One has to be aware of the transaction, but one can’t be too concrete about the concept of gain…When a woman gives sex to a man, she doesn’t necessarily get cash or goods in return; she may get favors, or status in her group, or spiritual fulfillment, or a feeling of having done the right thing. And if she loves the man to whom she gives the sex, she may get pleasure from the simple act of giving, just as all normal people enjoy giving gifts to those we love. Love cannot be discounted; it’s a powerful and transformative emotion, and it can totally change the sexual experience because it changes “where your head is”, to express it colloquially. Sex for anyone, male or female, amateur or professional, is absolutely different with someone we love than someone we don’t.
Another important thing to consider is that for married women, there are two kinds of sex; we might call them “love sex” and “duty sex”…many women will use different terms for it (one girl I knew differentiated them as “making love” and “screwing”) or even deny it completely, but all mature women know about it. “Love sex” is what you have when you’re in the mood and want to be with that special person, whereas “duty sex” is what you give him when you’re not really in the mood but he is. A sexually realized woman can perform the two so her husband can’t tell the difference, but women who are out of touch with themselves as women (that’s not meant as an insult to them, it happens to a lot of career women because they try too hard to be “neuter” at work and can’t let that go when they get home) usually can’t; a successful GFE escort is one who can make the two indistinguishable with almost anybody (this is one of my greatest skills as a whore).
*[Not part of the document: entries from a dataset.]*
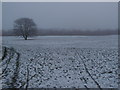 A wintery outlook near Twywell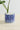 Blue and white fish planter with a plant on a light wooden surface.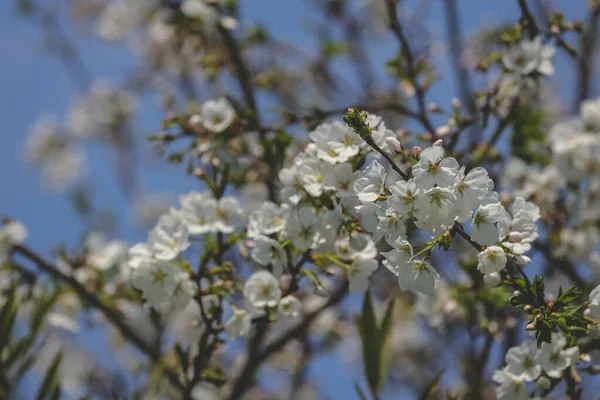 春の桜 春の桜 — ストック写真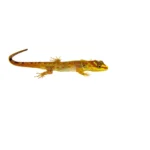 Suriname Dwarf Rainforest Gecko (Gonatodes humeralis)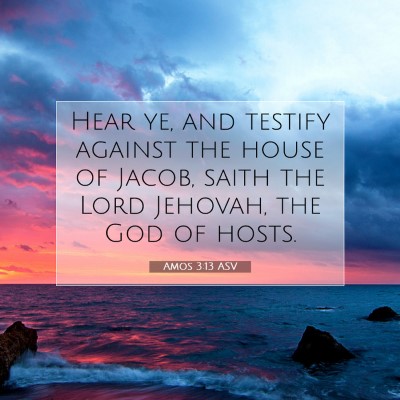 Picture 07 - Amos 3:13 ASV - Hear ye, and testify against the house of Jacob, - Bible Verse Picture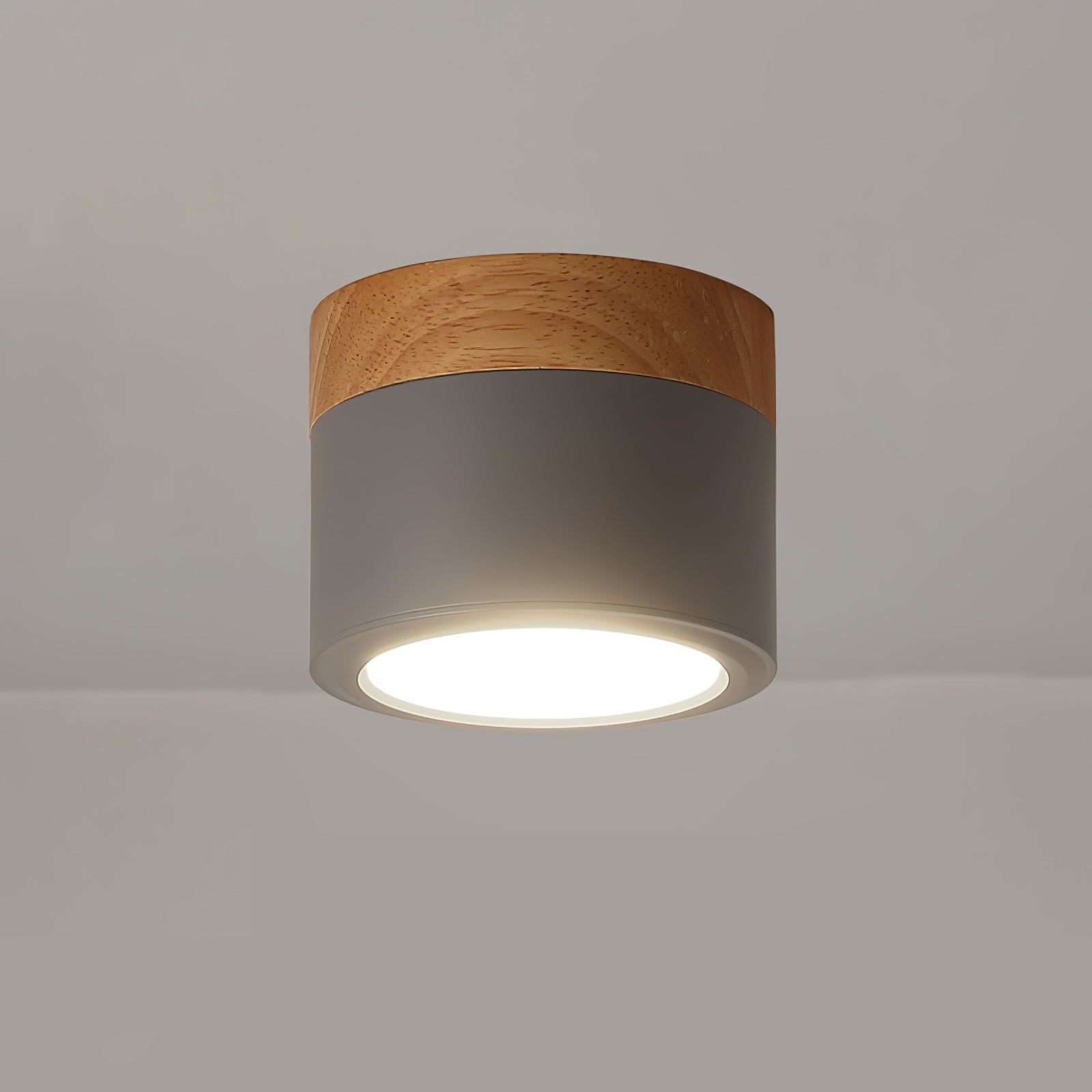 WINTHROP SPOTLIGHT CEILING APPLIQUE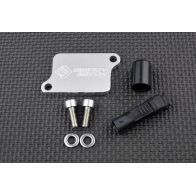 Kit de suppression d'antipollution Smart Moto PLE-125
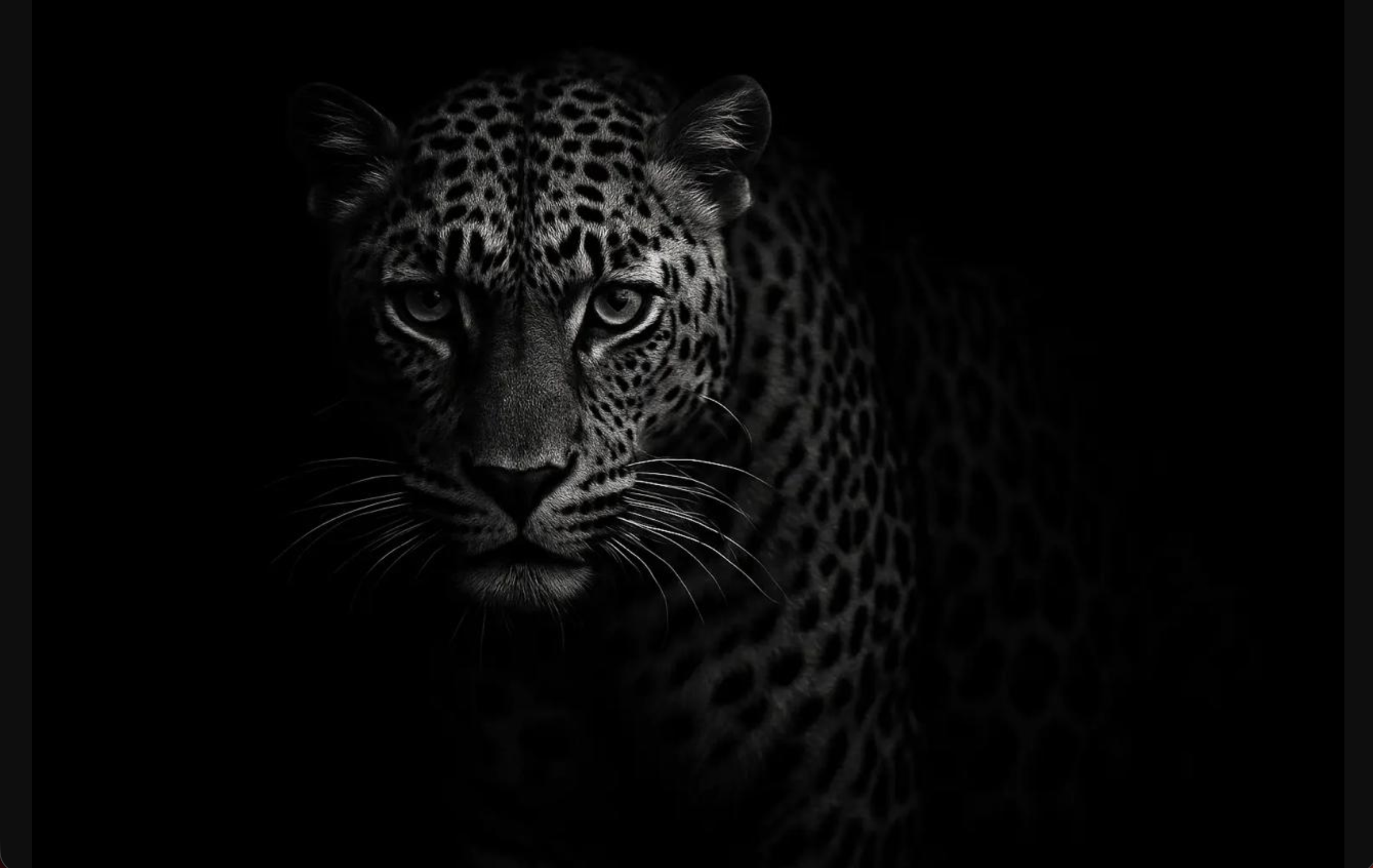 8-Day Sri Lankan Wonders: Culture, Wildlife & Scenic Beauty - Sri Lanka Adventure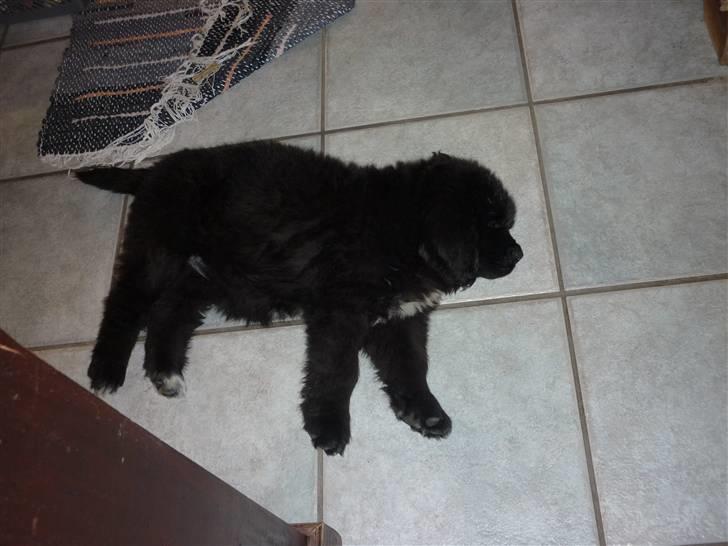 Newfoundlænder Carla  billede 7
The physical actions are the same, but “duty sex” is purely transactional whereas in “love sex” she gets a direct return, namely the feelings of affection and bonding with her mate (purely physical sexual pleasure may be present or absent in either form).
Every woman used to understand that this is the way the world is, but many modern women have been brainwashed into thinking that transactional sex is automatically bad, and that the only valid reason for sex is to please oneself, which is simultaneously selfish and self-destructive because it will invariably leave a man feeling unsatisfied since his wife isn’t providing to him as she should. This of course drives him to look elsewhere and creates relationship-destroying tension between the two. So when we talk about the housewife as whore, this doesn’t mean that the sex is always transactional; the best sex between married people, and indeed most of it in the first year or so of the relationship, isn’t transactional at all. The whoring starts the very first time one’s husband starts to make overtures when one is absolutely, positively not in the mood and one gives it to him anyway because it’s the right thing to do in return for the financial, emotional and social support he provides, or because one loves him and wants to offer herself as a gift.
Of course, in a really good relationship it’s even more complicated than that; I still enjoy the transactional sex I give my husband precisely because I do love him, and as I said in the first paragraph of my response that giving is a joy in and of itself. Years ago my husband and I went to Yosemite National Park, and stayed in one of the tent cabins; these are tents erected over permanent frameworks, so though they offer visual privacy one can practically hear the people in the next tent breathing. I knew that in the morning we were getting up early to hike up Half Dome, so I wanted a good night’s sleep to prepare for a long and exhausting day. But we had been together less than a year, and my husband loves Yosemite so he was feeling very amorous. I was absolutely not in the mood; I can’t relax without privacy, and I wanted to go to sleep, but I knew he would sleep better after sex so I gave it to him, willingly and in good heart. And I still treasure the memory of that night ten years later, not despite the fact that it was only for him but because of it. Loving one’s husband and being his whore are not mutually exclusive; in the best marriages they are so tightly intertwined that the individual strands are indistinguishable.